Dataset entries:

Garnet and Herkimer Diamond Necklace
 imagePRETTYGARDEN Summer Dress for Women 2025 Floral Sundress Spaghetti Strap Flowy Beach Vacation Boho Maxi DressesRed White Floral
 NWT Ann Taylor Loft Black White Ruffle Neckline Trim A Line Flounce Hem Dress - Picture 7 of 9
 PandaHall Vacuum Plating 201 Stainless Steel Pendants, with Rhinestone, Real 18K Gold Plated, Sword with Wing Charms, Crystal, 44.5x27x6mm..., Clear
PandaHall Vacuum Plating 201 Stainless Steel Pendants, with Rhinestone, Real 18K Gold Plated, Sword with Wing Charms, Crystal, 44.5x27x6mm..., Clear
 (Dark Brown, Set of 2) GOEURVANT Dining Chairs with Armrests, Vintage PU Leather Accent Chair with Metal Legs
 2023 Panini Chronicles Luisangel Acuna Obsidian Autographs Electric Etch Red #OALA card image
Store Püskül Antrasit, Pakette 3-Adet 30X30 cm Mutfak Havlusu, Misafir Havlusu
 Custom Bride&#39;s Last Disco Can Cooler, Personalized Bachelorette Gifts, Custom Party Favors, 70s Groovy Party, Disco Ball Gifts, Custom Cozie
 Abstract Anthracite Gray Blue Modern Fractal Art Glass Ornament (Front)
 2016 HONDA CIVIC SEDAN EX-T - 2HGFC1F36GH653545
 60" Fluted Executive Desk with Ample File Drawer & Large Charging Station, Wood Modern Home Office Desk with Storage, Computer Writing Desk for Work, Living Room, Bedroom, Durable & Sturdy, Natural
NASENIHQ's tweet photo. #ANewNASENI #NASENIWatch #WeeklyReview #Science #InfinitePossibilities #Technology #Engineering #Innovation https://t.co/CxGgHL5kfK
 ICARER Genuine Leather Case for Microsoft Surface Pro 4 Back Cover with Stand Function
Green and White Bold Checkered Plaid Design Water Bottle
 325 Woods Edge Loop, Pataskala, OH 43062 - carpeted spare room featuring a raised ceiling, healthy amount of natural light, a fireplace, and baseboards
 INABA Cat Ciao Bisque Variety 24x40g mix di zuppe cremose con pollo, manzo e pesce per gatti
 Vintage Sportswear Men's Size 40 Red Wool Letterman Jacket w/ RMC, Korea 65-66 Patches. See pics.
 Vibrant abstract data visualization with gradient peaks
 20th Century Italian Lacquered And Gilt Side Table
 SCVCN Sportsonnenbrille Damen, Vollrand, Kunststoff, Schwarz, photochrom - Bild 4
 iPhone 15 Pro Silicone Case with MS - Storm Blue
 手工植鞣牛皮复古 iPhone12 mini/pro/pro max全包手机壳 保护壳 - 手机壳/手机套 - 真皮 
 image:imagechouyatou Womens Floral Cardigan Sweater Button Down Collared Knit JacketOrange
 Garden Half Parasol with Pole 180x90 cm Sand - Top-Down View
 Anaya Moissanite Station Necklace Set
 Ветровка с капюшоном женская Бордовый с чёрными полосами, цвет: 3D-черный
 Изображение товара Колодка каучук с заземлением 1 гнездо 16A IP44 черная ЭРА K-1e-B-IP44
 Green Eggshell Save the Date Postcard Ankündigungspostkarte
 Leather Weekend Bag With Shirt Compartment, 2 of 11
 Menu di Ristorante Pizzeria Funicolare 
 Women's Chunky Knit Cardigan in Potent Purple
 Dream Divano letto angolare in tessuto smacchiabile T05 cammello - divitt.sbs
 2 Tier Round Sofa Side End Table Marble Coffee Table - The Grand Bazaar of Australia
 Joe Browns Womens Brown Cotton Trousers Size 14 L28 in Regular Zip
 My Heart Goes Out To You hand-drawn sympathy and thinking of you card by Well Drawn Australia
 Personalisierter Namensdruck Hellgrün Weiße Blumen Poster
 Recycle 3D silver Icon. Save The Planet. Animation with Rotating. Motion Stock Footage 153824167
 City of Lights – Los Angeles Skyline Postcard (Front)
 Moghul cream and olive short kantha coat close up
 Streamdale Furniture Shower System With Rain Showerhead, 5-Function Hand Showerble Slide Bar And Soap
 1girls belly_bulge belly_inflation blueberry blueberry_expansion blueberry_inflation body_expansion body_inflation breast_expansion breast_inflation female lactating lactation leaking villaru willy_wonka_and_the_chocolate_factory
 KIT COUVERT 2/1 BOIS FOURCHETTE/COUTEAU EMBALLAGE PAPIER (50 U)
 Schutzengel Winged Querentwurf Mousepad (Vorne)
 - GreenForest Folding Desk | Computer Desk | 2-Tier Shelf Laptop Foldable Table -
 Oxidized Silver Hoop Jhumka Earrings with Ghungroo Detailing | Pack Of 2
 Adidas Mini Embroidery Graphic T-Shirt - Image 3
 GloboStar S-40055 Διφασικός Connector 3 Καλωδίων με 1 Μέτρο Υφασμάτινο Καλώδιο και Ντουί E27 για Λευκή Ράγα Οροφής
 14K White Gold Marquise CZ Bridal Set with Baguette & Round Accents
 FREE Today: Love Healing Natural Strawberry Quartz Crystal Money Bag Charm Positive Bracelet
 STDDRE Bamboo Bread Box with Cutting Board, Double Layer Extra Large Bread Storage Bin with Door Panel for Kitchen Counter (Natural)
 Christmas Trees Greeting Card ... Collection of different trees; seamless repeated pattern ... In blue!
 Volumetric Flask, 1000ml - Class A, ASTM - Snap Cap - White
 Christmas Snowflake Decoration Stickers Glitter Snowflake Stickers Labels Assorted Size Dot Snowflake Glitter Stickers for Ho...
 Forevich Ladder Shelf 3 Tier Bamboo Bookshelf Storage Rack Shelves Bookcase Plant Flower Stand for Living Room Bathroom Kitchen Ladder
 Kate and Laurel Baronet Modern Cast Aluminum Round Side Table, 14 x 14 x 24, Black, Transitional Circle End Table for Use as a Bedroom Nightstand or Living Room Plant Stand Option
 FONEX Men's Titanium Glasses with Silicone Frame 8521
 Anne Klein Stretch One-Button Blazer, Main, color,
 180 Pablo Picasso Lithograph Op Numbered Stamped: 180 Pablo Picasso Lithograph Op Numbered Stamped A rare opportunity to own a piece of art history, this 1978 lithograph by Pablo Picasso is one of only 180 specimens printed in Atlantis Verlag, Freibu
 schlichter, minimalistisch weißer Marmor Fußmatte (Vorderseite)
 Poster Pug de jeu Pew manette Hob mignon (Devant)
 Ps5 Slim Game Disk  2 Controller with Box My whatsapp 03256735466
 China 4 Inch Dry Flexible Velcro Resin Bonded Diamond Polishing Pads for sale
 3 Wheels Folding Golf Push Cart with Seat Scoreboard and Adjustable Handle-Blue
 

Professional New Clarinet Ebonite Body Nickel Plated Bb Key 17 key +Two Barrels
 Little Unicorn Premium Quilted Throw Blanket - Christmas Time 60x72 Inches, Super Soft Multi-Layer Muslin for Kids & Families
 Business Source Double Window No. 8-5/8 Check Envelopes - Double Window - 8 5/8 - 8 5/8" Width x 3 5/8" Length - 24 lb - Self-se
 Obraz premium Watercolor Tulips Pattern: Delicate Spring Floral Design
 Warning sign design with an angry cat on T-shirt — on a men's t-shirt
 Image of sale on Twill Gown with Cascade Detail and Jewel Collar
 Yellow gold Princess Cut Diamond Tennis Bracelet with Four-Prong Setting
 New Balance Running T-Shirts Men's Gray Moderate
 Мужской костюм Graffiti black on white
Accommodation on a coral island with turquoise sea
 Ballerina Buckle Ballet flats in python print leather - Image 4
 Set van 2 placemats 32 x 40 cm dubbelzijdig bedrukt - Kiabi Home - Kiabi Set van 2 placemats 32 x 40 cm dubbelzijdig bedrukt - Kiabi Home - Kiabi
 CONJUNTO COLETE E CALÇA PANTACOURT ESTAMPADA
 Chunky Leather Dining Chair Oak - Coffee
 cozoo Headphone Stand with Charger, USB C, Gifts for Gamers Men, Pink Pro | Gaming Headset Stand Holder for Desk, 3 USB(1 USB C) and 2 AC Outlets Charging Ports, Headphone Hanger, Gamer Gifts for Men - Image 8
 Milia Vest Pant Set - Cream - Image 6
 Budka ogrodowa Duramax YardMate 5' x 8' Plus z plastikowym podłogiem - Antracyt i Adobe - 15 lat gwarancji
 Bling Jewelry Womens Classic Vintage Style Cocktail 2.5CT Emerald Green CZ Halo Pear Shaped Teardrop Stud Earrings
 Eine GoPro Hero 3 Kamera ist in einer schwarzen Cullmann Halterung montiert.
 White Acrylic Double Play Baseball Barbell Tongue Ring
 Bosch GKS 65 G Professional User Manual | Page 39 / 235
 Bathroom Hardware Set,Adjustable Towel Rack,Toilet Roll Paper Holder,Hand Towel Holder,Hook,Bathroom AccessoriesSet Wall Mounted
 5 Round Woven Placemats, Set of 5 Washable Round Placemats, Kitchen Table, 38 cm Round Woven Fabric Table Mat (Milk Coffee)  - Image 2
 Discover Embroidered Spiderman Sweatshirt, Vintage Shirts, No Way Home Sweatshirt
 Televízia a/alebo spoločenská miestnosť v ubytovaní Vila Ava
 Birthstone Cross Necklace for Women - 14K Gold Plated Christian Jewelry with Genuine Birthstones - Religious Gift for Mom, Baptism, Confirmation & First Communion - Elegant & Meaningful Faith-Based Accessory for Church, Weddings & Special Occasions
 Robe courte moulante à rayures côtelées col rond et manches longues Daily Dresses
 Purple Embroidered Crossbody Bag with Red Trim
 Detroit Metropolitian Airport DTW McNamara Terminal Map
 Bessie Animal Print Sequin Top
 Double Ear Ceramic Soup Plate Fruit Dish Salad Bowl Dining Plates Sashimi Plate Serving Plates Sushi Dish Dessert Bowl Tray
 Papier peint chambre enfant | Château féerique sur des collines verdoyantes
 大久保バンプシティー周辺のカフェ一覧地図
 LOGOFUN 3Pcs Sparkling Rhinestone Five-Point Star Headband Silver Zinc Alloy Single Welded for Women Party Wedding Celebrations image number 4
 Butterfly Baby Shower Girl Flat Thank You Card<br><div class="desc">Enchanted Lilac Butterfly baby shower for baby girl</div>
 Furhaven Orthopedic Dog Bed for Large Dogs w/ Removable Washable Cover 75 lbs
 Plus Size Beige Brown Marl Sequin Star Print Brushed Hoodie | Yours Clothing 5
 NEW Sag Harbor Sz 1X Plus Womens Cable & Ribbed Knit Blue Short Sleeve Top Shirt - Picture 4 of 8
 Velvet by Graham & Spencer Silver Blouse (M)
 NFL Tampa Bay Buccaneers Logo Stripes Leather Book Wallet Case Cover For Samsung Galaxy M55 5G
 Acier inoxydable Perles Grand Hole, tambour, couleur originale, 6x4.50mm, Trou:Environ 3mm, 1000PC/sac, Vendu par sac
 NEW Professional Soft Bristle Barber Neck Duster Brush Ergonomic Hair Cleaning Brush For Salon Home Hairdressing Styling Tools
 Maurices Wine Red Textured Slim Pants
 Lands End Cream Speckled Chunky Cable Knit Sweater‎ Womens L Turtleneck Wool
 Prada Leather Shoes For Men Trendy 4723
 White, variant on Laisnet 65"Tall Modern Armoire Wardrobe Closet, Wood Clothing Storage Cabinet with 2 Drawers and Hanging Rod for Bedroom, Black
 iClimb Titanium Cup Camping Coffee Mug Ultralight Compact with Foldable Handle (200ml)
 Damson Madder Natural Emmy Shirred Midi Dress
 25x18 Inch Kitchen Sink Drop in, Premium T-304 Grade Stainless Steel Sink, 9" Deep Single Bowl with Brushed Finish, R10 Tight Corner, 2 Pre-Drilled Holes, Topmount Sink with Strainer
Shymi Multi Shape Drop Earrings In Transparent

WHAT IS BEING ASKED => Copy exactly the lines from the top of the entries through the line with "20th Century Italian" in it, please, keeping both ends and adding nothing.

EXERCISE ANSWER =>
Garnet and Herkimer Diamond Necklace
 imagePRETTYGARDEN Summer Dress for Women 2025 Floral Sundress Spaghetti Strap Flowy Beach Vacation Boho Maxi DressesRed White Floral
 NWT Ann Taylor Loft Black White Ruffle Neckline Trim A Line Flounce Hem Dress - Picture 7 of 9
 PandaHall Vacuum Plating 201 Stainless Steel Pendants, with Rhinestone, Real 18K Gold Plated, Sword with Wing Charms, Crystal, 44.5x27x6mm..., Clear
PandaHall Vacuum Plating 201 Stainless Steel Pendants, with Rhinestone, Real 18K Gold Plated, Sword with Wing Charms, Crystal, 44.5x27x6mm..., Clear
 (Dark Brown, Set of 2) GOEURVANT Dining Chairs with Armrests, Vintage PU Leather Accent Chair with Metal Legs
 2023 Panini Chronicles Luisangel Acuna Obsidian Autographs Electric Etch Red #OALA card image
Store Püskül Antrasit, Pakette 3-Adet 30X30 cm Mutfak Havlusu, Misafir Havlusu
 Custom Bride&#39;s Last Disco Can Cooler, Personalized Bachelorette Gifts, Custom Party Favors, 70s Groovy Party, Disco Ball Gifts, Custom Cozie
 Abstract Anthracite Gray Blue Modern Fractal Art Glass Ornament (Front)
 2016 HONDA CIVIC SEDAN EX-T - 2HGFC1F36GH653545
 60" Fluted Executive Desk with Ample File Drawer & Large Charging Station, Wood Modern Home Office Desk with Storage, Computer Writing Desk for Work, Living Room, Bedroom, Durable & Sturdy, Natural
NASENIHQ's tweet photo. #ANewNASENI #NASENIWatch #WeeklyReview #Science #InfinitePossibilities #Technology #Engineering #Innovation https://t.co/CxGgHL5kfK
 ICARER Genuine Leather Case for Microsoft Surface Pro 4 Back Cover with Stand Function
Green and White Bold Checkered Plaid Design Water Bottle
 325 Woods Edge Loop, Pataskala, OH 43062 - carpeted spare room featuring a raised ceiling, healthy amount of natural light, a fireplace, and baseboards
 INABA Cat Ciao Bisque Variety 24x40g mix di zuppe cremose con pollo, manzo e pesce per gatti
 Vintage Sportswear Men's Size 40 Red Wool Letterman Jacket w/ RMC, Korea 65-66 Patches. See pics.
 Vibrant abstract data visualization with gradient peaks
 20th Century Italian Lacquered And Gilt Side Table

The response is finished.